Write the records out again, unchanged.

── Supplied records ──

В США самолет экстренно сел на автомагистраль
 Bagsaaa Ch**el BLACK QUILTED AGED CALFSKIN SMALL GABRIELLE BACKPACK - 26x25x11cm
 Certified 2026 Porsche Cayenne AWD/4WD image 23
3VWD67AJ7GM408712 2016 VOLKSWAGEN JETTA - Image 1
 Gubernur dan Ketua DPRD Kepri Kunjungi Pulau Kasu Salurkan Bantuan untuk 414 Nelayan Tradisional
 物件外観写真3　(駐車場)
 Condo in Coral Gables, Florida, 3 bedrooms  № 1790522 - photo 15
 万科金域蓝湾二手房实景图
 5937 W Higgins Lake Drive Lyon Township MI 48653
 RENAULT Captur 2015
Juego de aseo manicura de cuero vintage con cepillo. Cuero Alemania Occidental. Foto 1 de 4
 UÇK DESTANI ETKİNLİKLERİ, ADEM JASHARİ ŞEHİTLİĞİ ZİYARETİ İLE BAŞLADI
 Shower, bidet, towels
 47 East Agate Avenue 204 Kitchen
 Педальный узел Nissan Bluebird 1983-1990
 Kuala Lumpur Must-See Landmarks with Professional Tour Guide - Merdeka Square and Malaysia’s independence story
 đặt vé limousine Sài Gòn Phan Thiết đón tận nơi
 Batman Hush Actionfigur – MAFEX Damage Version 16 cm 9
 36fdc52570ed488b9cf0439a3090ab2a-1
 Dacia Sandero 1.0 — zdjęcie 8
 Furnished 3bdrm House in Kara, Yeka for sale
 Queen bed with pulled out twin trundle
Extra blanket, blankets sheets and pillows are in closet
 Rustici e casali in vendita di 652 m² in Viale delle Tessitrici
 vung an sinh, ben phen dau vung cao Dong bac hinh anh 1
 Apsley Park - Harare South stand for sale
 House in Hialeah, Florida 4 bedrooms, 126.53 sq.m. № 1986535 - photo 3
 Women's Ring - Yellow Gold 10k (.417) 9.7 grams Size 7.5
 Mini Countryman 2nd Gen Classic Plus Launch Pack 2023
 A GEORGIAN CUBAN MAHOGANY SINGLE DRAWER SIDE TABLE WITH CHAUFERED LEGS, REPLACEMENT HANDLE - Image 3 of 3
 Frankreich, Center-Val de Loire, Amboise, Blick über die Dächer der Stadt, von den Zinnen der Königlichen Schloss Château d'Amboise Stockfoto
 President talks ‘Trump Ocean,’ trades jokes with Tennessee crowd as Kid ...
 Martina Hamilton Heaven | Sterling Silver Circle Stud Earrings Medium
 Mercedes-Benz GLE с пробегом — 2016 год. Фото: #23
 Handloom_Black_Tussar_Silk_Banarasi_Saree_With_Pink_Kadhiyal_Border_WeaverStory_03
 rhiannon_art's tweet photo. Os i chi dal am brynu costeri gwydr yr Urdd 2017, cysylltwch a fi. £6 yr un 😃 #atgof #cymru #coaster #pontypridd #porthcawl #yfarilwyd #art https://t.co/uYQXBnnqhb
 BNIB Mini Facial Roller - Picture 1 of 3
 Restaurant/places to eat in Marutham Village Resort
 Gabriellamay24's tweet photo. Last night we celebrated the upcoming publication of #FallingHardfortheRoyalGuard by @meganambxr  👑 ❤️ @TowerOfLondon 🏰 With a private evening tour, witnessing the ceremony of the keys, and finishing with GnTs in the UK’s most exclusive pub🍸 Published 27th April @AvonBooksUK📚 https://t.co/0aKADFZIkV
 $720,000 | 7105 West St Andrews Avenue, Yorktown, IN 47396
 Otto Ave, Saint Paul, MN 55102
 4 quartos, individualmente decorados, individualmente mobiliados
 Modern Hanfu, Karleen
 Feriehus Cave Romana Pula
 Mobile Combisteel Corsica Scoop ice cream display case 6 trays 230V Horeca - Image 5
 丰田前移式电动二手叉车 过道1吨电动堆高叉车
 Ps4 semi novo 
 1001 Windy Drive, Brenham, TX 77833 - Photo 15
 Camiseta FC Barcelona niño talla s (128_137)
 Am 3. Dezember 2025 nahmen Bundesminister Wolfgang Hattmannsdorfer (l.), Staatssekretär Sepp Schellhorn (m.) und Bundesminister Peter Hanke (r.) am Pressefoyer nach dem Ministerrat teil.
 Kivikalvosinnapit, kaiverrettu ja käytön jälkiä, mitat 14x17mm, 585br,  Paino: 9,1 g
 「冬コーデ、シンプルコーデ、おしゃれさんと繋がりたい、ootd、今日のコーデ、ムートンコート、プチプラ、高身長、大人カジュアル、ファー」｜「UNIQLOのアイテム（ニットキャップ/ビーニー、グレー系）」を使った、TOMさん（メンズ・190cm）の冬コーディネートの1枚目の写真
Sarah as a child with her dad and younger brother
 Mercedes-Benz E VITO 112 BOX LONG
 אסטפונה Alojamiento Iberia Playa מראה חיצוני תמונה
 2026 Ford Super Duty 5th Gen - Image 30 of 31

───

# Task answer:
В США самолет экстренно сел на автомагистраль
 Bagsaaa Ch**el BLACK QUILTED AGED CALFSKIN SMALL GABRIELLE BACKPACK - 26x25x11cm
 Certified 2026 Porsche Cayenne AWD/4WD image 23
3VWD67AJ7GM408712 2016 VOLKSWAGEN JETTA - Image 1
 Gubernur dan Ketua DPRD Kepri Kunjungi Pulau Kasu Salurkan Bantuan untuk 414 Nelayan Tradisional
 物件外観写真3　(駐車場)
 Condo in Coral Gables, Florida, 3 bedrooms  № 1790522 - photo 15
 万科金域蓝湾二手房实景图
 5937 W Higgins Lake Drive Lyon Township MI 48653
 RENAULT Captur 2015
Juego de aseo manicura de cuero vintage con cepillo. Cuero Alemania Occidental. Foto 1 de 4
 UÇK DESTANI ETKİNLİKLERİ, ADEM JASHARİ ŞEHİTLİĞİ ZİYARETİ İLE BAŞLADI
 Shower, bidet, towels
 47 East Agate Avenue 204 Kitchen
 Педальный узел Nissan Bluebird 1983-1990
 Kuala Lumpur Must-See Landmarks with Professional Tour Guide - Merdeka Square and Malaysia’s independence story
 đặt vé limousine Sài Gòn Phan Thiết đón tận nơi
 Batman Hush Actionfigur – MAFEX Damage Version 16 cm 9
 36fdc52570ed488b9cf0439a3090ab2a-1
 Dacia Sandero 1.0 — zdjęcie 8
 Furnished 3bdrm House in Kara, Yeka for sale
 Queen bed with pulled out twin trundle
Extra blanket, blankets sheets and pillows are in closet
 Rustici e casali in vendita di 652 m² in Viale delle Tessitrici
 vung an sinh, ben phen dau vung cao Dong bac hinh anh 1
 Apsley Park - Harare South stand for sale
 House in Hialeah, Florida 4 bedrooms, 126.53 sq.m. № 1986535 - photo 3
 Women's Ring - Yellow Gold 10k (.417) 9.7 grams Size 7.5
 Mini Countryman 2nd Gen Classic Plus Launch Pack 2023
 A GEORGIAN CUBAN MAHOGANY SINGLE DRAWER SIDE TABLE WITH CHAUFERED LEGS, REPLACEMENT HANDLE - Image 3 of 3
 Frankreich, Center-Val de Loire, Amboise, Blick über die Dächer der Stadt, von den Zinnen der Königlichen Schloss Château d'Amboise Stockfoto
 President talks ‘Trump Ocean,’ trades jokes with Tennessee crowd as Kid ...
 Martina Hamilton Heaven | Sterling Silver Circle Stud Earrings Medium
 Mercedes-Benz GLE с пробегом — 2016 год. Фото: #23
 Handloom_Black_Tussar_Silk_Banarasi_Saree_With_Pink_Kadhiyal_Border_WeaverStory_03
 rhiannon_art's tweet photo. Os i chi dal am brynu costeri gwydr yr Urdd 2017, cysylltwch a fi. £6 yr un 😃 #atgof #cymru #coaster #pontypridd #porthcawl #yfarilwyd #art https://t.co/uYQXBnnqhb
 BNIB Mini Facial Roller - Picture 1 of 3
 Restaurant/places to eat in Marutham Village Resort
 Gabriellamay24's tweet photo. Last night we celebrated the upcoming publication of #FallingHardfortheRoyalGuard by @meganambxr  👑 ❤️ @TowerOfLondon 🏰 With a private evening tour, witnessing the ceremony of the keys, and finishing with GnTs in the UK’s most exclusive pub🍸 Published 27th April @AvonBooksUK📚 https://t.co/0aKADFZIkV
 $720,000 | 7105 West St Andrews Avenue, Yorktown, IN 47396
 Otto Ave, Saint Paul, MN 55102
 4 quartos, individualmente decorados, individualmente mobiliados
 Modern Hanfu, Karleen
 Feriehus Cave Romana Pula
 Mobile Combisteel Corsica Scoop ice cream display case 6 trays 230V Horeca - Image 5
 丰田前移式电动二手叉车 过道1吨电动堆高叉车
 Ps4 semi novo 
 1001 Windy Drive, Brenham, TX 77833 - Photo 15
 Camiseta FC Barcelona niño talla s (128_137)
 Am 3. Dezember 2025 nahmen Bundesminister Wolfgang Hattmannsdorfer (l.), Staatssekretär Sepp Schellhorn (m.) und Bundesminister Peter Hanke (r.) am Pressefoyer nach dem Ministerrat teil.
 Kivikalvosinnapit, kaiverrettu ja käytön jälkiä, mitat 14x17mm, 585br,  Paino: 9,1 g
 「冬コーデ、シンプルコーデ、おしゃれさんと繋がりたい、ootd、今日のコーデ、ムートンコート、プチプラ、高身長、大人カジュアル、ファー」｜「UNIQLOのアイテム（ニットキャップ/ビーニー、グレー系）」を使った、TOMさん（メンズ・190cm）の冬コーディネートの1枚目の写真
Sarah as a child with her dad and younger brother
 Mercedes-Benz E VITO 112 BOX LONG
 אסטפונה Alojamiento Iberia Playa מראה חיצוני תמונה
 2026 Ford Super Duty 5th Gen - Image 30 of 31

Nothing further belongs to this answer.